One of the most remarkable brute facts of history is the coming into existence of the Christian church. What was it that caused a group of uneducated Jewish people to believe something as bizarre as that their humiliated and executed leader had after three days been raised bodily from the dead and was now to be worshipped as Lord of the whole cosmos? And how was it that so many thousands from all over the Roman world, both Jews and Gentiles, came to believe this message so rapidly, and to live transformed, counter-cultural lives, even in the face of strong opposition?
The Book of Acts in the Bible records this triumph of the Gospel.

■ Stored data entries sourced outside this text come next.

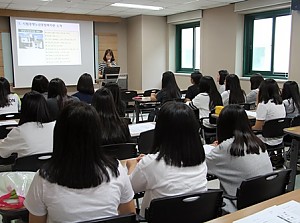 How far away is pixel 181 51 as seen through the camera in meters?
9.51

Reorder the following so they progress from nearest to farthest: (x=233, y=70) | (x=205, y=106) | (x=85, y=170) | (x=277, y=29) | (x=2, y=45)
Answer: (x=85, y=170) < (x=205, y=106) < (x=277, y=29) < (x=233, y=70) < (x=2, y=45)

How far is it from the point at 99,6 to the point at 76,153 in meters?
6.79

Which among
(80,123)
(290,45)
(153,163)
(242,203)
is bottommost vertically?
(242,203)

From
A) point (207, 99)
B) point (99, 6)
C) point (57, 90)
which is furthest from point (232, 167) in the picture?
point (99, 6)

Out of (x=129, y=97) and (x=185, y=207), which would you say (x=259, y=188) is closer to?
(x=185, y=207)

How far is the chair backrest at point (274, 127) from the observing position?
3.68 meters

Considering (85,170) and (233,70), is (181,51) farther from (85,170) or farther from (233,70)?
(85,170)

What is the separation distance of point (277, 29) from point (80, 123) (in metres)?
6.36

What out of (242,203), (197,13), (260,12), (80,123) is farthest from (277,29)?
(80,123)

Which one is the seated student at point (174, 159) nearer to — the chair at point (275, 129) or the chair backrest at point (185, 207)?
the chair backrest at point (185, 207)

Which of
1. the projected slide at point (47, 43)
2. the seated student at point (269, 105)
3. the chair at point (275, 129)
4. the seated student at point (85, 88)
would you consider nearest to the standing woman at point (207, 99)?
the seated student at point (269, 105)

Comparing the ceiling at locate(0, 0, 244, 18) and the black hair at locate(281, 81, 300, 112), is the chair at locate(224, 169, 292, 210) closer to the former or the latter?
the black hair at locate(281, 81, 300, 112)

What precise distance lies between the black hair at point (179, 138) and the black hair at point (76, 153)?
16.3 inches

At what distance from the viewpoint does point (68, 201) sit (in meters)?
1.37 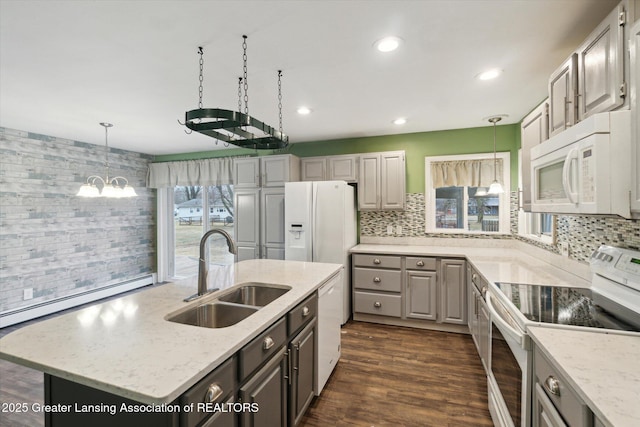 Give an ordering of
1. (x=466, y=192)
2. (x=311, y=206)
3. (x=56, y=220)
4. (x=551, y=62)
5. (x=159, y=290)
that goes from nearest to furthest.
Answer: (x=159, y=290) < (x=551, y=62) < (x=311, y=206) < (x=466, y=192) < (x=56, y=220)

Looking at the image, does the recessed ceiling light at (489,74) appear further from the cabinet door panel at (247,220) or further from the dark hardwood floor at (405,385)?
the cabinet door panel at (247,220)

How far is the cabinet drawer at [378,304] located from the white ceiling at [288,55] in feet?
7.00

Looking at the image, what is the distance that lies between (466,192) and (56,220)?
5.71 metres

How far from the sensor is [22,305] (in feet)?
12.4

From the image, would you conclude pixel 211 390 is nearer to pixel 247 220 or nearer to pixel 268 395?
pixel 268 395

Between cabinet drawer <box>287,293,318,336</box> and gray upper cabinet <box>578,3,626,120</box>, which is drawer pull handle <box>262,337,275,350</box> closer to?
cabinet drawer <box>287,293,318,336</box>

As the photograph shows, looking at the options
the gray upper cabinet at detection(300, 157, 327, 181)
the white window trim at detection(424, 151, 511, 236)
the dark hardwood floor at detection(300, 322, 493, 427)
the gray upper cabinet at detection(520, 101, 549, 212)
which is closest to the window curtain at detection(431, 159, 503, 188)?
the white window trim at detection(424, 151, 511, 236)

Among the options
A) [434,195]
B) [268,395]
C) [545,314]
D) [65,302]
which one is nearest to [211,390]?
[268,395]

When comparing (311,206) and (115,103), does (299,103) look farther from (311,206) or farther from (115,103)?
(115,103)

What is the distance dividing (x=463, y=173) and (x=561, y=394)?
3.15m

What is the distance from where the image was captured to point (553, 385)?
108cm

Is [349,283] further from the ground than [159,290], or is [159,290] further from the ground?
[159,290]

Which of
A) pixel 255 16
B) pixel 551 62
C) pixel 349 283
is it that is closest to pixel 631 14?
pixel 551 62

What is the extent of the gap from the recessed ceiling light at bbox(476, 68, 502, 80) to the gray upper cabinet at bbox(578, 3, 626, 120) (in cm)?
72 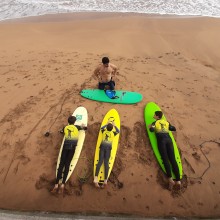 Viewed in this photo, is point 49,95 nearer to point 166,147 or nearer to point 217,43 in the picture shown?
point 166,147

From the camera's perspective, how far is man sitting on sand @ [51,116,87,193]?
17.9 ft

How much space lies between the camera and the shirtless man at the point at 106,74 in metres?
7.65

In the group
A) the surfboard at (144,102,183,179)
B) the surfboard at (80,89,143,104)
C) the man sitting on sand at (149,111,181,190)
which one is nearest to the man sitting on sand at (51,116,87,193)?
the surfboard at (80,89,143,104)

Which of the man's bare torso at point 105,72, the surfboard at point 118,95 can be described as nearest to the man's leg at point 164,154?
the surfboard at point 118,95

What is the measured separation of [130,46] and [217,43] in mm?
3867

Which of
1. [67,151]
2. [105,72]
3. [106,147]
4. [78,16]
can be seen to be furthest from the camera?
[78,16]

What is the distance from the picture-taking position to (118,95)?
7773mm

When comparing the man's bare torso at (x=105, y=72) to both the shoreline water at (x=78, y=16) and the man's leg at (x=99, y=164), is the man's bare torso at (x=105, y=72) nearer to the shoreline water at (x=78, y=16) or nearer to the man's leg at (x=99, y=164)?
Answer: the man's leg at (x=99, y=164)

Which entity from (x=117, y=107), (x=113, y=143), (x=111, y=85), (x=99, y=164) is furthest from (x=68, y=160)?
(x=111, y=85)

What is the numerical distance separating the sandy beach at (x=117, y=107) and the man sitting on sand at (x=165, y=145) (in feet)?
0.70

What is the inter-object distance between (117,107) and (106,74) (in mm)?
1154

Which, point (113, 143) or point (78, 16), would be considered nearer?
point (113, 143)

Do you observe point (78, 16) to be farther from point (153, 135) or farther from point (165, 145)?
point (165, 145)

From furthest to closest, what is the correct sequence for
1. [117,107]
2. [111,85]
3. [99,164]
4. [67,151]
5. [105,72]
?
1. [111,85]
2. [105,72]
3. [117,107]
4. [67,151]
5. [99,164] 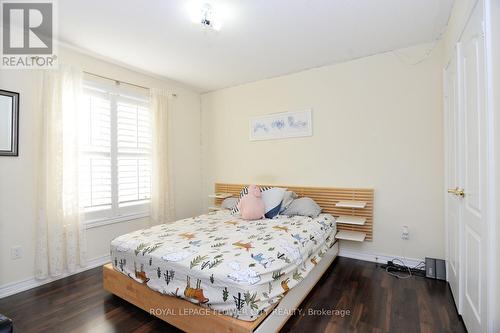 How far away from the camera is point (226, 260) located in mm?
1743

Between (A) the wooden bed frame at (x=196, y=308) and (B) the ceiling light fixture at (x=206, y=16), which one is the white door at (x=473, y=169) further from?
(B) the ceiling light fixture at (x=206, y=16)

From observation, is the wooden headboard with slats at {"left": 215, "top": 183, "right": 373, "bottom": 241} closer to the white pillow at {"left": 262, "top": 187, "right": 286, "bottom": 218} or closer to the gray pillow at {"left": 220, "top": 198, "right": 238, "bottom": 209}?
the white pillow at {"left": 262, "top": 187, "right": 286, "bottom": 218}

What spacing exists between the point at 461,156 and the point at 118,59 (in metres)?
3.75

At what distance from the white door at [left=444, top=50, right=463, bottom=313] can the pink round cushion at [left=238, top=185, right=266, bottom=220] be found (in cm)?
187

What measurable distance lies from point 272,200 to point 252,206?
31 centimetres

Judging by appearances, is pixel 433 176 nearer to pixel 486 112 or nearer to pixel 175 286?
pixel 486 112

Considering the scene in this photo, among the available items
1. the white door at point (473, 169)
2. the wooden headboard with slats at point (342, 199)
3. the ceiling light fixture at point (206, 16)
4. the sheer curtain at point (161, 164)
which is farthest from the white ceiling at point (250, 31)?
the wooden headboard with slats at point (342, 199)

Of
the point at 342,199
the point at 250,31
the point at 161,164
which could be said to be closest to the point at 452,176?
the point at 342,199

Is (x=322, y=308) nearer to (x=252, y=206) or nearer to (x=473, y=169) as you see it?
(x=252, y=206)

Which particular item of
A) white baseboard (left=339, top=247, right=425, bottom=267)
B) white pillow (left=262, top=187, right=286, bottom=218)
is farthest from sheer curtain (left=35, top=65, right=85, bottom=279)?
white baseboard (left=339, top=247, right=425, bottom=267)

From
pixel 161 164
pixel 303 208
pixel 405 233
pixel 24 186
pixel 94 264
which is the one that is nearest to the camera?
pixel 24 186

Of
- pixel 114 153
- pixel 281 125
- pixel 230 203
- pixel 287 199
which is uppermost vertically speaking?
pixel 281 125

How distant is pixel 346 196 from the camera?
322 centimetres

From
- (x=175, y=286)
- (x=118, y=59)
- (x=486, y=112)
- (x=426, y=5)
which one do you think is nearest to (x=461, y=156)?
(x=486, y=112) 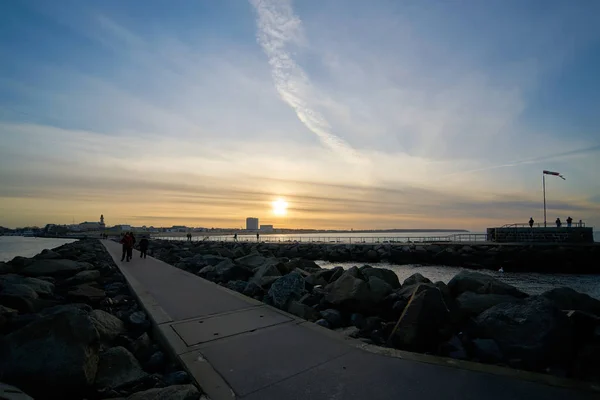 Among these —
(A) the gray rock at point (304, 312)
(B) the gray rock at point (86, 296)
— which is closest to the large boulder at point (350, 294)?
(A) the gray rock at point (304, 312)

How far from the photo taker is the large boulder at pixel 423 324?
13.7 feet

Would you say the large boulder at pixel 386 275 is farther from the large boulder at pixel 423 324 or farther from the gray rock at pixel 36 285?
the gray rock at pixel 36 285

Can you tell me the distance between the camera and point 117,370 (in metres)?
3.52

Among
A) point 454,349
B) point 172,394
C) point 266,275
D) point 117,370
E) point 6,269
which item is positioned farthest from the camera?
point 6,269

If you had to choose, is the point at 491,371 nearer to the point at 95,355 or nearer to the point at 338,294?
the point at 338,294

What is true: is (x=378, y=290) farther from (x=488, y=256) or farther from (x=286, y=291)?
(x=488, y=256)

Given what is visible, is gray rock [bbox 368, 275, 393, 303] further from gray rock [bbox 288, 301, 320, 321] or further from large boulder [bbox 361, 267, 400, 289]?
large boulder [bbox 361, 267, 400, 289]

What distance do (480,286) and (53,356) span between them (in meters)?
7.12

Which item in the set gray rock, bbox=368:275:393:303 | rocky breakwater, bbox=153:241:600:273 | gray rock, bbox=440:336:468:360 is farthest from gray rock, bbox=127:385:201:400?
rocky breakwater, bbox=153:241:600:273

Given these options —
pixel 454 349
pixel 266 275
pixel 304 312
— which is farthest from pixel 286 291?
pixel 454 349

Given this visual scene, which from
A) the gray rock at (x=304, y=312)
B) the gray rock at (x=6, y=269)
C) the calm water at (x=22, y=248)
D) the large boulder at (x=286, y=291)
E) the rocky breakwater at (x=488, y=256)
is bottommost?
the calm water at (x=22, y=248)

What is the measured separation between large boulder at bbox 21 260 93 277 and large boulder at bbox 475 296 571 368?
12329mm

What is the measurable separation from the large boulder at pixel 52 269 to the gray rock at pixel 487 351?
12122mm

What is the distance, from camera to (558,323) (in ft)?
12.6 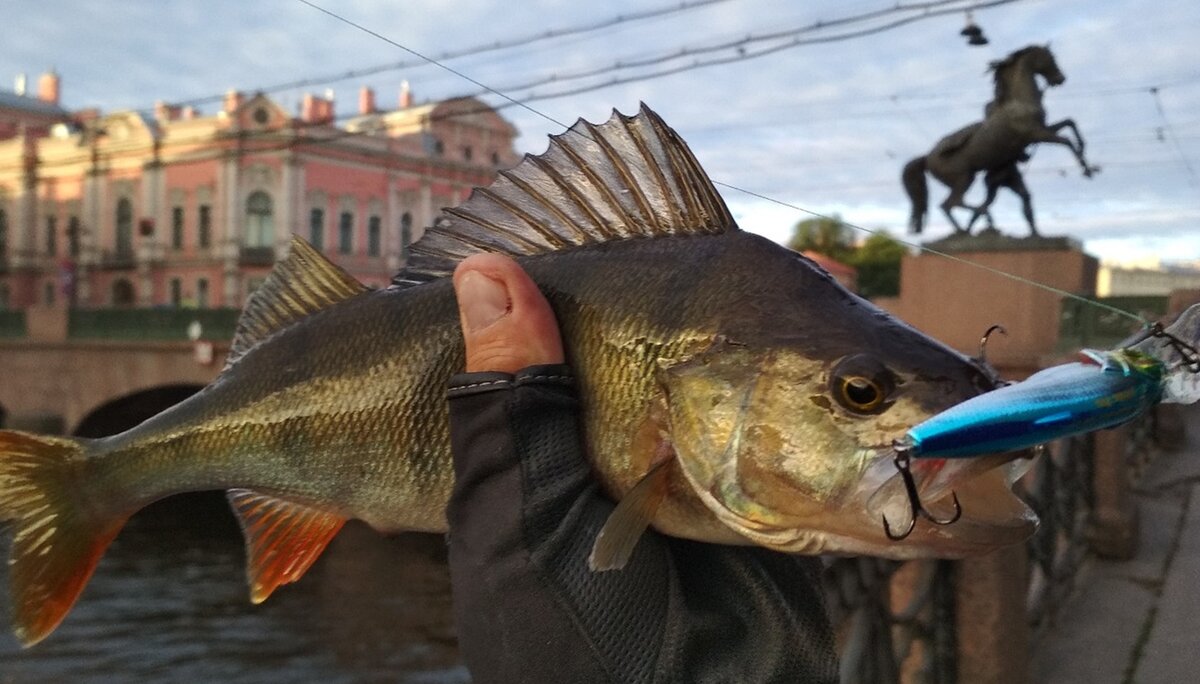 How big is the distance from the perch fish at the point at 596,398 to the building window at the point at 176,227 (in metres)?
37.9

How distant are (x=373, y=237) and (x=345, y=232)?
47.1 inches

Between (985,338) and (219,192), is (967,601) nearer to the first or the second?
(985,338)

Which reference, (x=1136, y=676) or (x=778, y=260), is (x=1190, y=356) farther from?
(x=1136, y=676)

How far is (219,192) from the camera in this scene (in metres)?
34.5

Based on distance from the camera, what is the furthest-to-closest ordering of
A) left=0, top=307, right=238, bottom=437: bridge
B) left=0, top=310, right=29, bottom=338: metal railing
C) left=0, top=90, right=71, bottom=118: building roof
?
left=0, top=90, right=71, bottom=118: building roof → left=0, top=310, right=29, bottom=338: metal railing → left=0, top=307, right=238, bottom=437: bridge

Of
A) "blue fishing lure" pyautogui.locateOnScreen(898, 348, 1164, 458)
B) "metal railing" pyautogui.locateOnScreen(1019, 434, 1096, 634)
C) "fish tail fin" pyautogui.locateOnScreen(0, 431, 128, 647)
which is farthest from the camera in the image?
"metal railing" pyautogui.locateOnScreen(1019, 434, 1096, 634)

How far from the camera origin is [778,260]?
1.34 metres

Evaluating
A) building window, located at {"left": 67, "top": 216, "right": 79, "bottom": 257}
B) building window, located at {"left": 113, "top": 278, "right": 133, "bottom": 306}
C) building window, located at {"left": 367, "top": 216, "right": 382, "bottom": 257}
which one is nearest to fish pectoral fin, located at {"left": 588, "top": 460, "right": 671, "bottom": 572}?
building window, located at {"left": 367, "top": 216, "right": 382, "bottom": 257}

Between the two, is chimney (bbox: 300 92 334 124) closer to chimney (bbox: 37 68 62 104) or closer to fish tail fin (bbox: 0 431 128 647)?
chimney (bbox: 37 68 62 104)

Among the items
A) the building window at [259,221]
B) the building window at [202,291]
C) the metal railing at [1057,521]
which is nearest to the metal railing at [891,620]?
the metal railing at [1057,521]

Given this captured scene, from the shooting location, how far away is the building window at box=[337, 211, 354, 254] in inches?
1384

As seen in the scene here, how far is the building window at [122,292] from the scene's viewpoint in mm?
38188

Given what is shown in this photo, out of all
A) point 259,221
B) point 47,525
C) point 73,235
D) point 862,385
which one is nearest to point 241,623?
point 47,525

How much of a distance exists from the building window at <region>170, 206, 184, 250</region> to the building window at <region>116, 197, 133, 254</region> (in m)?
2.20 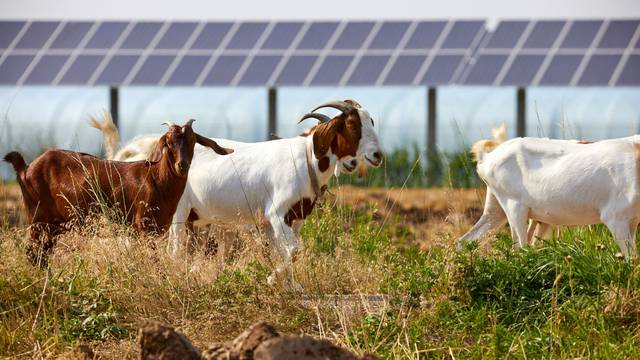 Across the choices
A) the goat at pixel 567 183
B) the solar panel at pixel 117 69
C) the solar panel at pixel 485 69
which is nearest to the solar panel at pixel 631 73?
the solar panel at pixel 485 69

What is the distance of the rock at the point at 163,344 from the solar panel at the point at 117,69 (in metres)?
16.3

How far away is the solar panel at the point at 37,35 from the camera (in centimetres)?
2380

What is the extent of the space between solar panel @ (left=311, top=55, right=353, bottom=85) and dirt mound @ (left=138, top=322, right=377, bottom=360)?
15.0 meters

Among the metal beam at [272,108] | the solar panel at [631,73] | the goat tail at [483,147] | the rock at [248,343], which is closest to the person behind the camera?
the rock at [248,343]

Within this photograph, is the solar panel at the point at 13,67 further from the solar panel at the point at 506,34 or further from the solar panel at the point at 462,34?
the solar panel at the point at 506,34

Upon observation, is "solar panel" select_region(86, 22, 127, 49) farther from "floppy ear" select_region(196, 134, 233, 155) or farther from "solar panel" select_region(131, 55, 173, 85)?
"floppy ear" select_region(196, 134, 233, 155)

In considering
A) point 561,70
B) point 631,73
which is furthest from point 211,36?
point 631,73

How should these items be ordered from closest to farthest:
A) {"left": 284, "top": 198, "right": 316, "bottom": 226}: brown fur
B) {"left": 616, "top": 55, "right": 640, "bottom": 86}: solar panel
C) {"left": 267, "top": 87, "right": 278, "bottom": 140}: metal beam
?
{"left": 284, "top": 198, "right": 316, "bottom": 226}: brown fur
{"left": 616, "top": 55, "right": 640, "bottom": 86}: solar panel
{"left": 267, "top": 87, "right": 278, "bottom": 140}: metal beam

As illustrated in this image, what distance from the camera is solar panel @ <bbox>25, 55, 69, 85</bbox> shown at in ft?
74.7

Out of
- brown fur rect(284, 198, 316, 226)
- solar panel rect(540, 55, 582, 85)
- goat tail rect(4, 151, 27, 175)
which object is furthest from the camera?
solar panel rect(540, 55, 582, 85)

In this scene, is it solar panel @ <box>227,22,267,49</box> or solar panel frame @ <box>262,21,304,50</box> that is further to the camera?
solar panel @ <box>227,22,267,49</box>

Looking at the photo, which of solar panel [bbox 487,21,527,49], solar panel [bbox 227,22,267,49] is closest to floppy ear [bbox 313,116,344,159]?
solar panel [bbox 487,21,527,49]

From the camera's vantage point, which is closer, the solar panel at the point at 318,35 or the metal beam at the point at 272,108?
the metal beam at the point at 272,108

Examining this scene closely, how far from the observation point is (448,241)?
346 inches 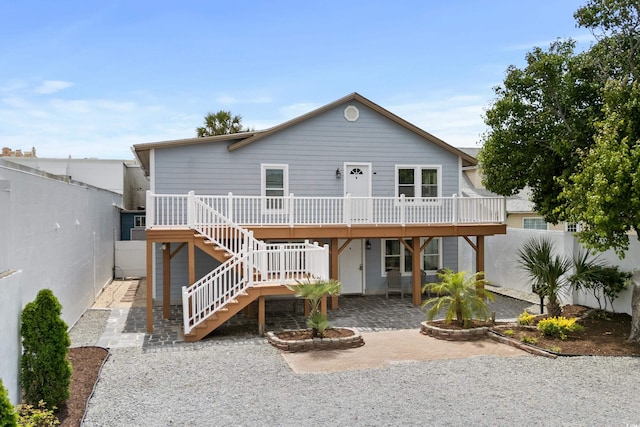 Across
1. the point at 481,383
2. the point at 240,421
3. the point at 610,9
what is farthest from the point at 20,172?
the point at 610,9

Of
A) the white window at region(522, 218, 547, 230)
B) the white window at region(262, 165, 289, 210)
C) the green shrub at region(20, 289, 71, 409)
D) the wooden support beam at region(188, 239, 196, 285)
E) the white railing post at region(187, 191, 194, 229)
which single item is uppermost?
the white window at region(262, 165, 289, 210)

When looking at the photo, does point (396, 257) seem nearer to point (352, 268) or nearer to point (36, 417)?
point (352, 268)

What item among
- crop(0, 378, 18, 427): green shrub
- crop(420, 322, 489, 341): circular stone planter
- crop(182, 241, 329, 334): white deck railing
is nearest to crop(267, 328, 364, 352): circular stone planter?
crop(182, 241, 329, 334): white deck railing

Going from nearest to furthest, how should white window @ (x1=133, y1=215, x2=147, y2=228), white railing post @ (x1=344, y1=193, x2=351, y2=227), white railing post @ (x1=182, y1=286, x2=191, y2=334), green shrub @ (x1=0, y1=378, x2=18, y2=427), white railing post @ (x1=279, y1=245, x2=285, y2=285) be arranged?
1. green shrub @ (x1=0, y1=378, x2=18, y2=427)
2. white railing post @ (x1=182, y1=286, x2=191, y2=334)
3. white railing post @ (x1=279, y1=245, x2=285, y2=285)
4. white railing post @ (x1=344, y1=193, x2=351, y2=227)
5. white window @ (x1=133, y1=215, x2=147, y2=228)

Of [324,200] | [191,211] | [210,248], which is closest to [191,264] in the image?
[210,248]

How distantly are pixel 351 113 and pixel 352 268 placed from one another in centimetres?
514

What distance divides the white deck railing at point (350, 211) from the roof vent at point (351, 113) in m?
2.85

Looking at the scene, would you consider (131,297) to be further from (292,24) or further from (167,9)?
(292,24)

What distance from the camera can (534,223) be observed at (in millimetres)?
24141

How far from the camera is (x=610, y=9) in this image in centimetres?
1166

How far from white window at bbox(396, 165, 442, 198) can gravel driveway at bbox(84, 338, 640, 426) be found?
8129mm

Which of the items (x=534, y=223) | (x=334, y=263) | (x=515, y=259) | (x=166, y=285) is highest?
(x=534, y=223)

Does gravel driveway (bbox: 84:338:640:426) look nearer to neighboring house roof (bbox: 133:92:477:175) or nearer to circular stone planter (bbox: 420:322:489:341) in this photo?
circular stone planter (bbox: 420:322:489:341)

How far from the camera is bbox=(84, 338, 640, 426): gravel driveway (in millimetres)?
6242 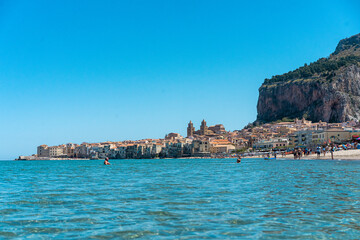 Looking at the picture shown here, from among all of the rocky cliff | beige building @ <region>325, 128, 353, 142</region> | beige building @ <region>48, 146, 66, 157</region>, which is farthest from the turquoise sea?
Answer: beige building @ <region>48, 146, 66, 157</region>

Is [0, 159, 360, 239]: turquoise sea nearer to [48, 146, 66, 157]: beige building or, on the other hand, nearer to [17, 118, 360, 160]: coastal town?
[17, 118, 360, 160]: coastal town

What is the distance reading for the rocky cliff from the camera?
15575cm

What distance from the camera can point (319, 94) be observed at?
165125mm

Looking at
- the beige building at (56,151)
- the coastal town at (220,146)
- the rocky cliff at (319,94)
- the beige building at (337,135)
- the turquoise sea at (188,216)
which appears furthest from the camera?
the beige building at (56,151)

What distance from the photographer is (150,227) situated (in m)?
8.73

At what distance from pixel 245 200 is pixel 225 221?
370 cm

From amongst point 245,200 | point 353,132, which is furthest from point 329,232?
point 353,132

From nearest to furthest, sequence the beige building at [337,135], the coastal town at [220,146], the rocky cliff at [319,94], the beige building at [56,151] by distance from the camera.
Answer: the beige building at [337,135] → the coastal town at [220,146] → the rocky cliff at [319,94] → the beige building at [56,151]

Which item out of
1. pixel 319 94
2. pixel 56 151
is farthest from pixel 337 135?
pixel 56 151

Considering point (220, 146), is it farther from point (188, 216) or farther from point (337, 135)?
point (188, 216)

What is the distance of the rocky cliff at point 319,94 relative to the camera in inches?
6132

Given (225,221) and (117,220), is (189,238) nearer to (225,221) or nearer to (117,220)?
(225,221)

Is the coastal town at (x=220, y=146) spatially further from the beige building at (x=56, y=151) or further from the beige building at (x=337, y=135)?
the beige building at (x=337, y=135)

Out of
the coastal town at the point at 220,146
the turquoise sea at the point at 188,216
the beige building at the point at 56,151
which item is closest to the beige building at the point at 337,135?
the coastal town at the point at 220,146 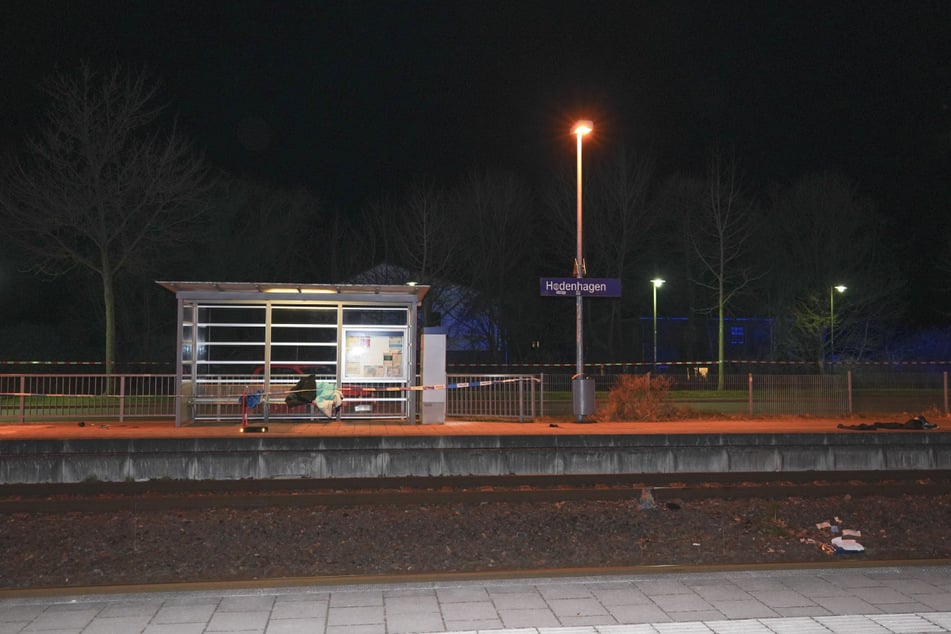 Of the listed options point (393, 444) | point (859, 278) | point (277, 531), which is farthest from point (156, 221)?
point (859, 278)

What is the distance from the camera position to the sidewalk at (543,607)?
5727 millimetres

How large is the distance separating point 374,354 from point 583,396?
16.9 ft

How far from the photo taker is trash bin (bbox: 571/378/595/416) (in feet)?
64.3

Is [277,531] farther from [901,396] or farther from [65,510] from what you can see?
[901,396]

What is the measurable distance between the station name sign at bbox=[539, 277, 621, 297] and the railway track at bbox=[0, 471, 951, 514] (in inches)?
273

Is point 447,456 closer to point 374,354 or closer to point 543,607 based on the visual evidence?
point 374,354

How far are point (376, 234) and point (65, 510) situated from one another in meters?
39.0

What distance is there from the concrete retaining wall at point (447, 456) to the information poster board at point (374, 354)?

It finishes with what may seem an anticlimax, with the great apostle Paul under house arrest in Rome. But in fact this is the climax of the book. Paul had previous been accused of "acting against the decrees of Caesar, saying there is another king, Jesus" (Acts 17:7, ESV), but in the final verse of the book we read of Paul, in Caesar's own city, "proclaiming the kingdom of God and teaching about the Lord Jesus Christ with all boldness and without hindrance" (Acts 28:31, ESV). What a victory!
Two other verses in the book say something very similar, and, coming at key turning points in the narrative, they give us some clues to the overall shape of the book.
The first of these is Acts 12:24: "But the word of God increased and multiplied" (ESV). This comes immediately before a lengthy section on Paul's missionary journeys, and closes a lengthy section on the spread of the Gospel through "Jerusalem and in all Judea and Samaria, and to the ends of the earth" (Acts 1:8), with Stephen's pre-martyrdom speech in Acts 7 at the centre.
The second of these verses is Acts 19:20: "So the word of the Lord continued to increase and prevail mightily" (ESV). This rounds off the account of Paul's missionary journeys, which has at its centre the Jerusalem council of Acts 15, and leads us immediately to Paul's journey to Jerusalem and Rome, hinging on Acts 23:11: "The following night the Lord stood by him and said, 'Take courage, for as you have testified to the facts about me in Jerusalem, so you must testify also in Rome'" (ESV).
That Gospel that was proclaimed then is the same Gospel that is continuing to spread and triumph today, in China, Africa, South America and throughout the world.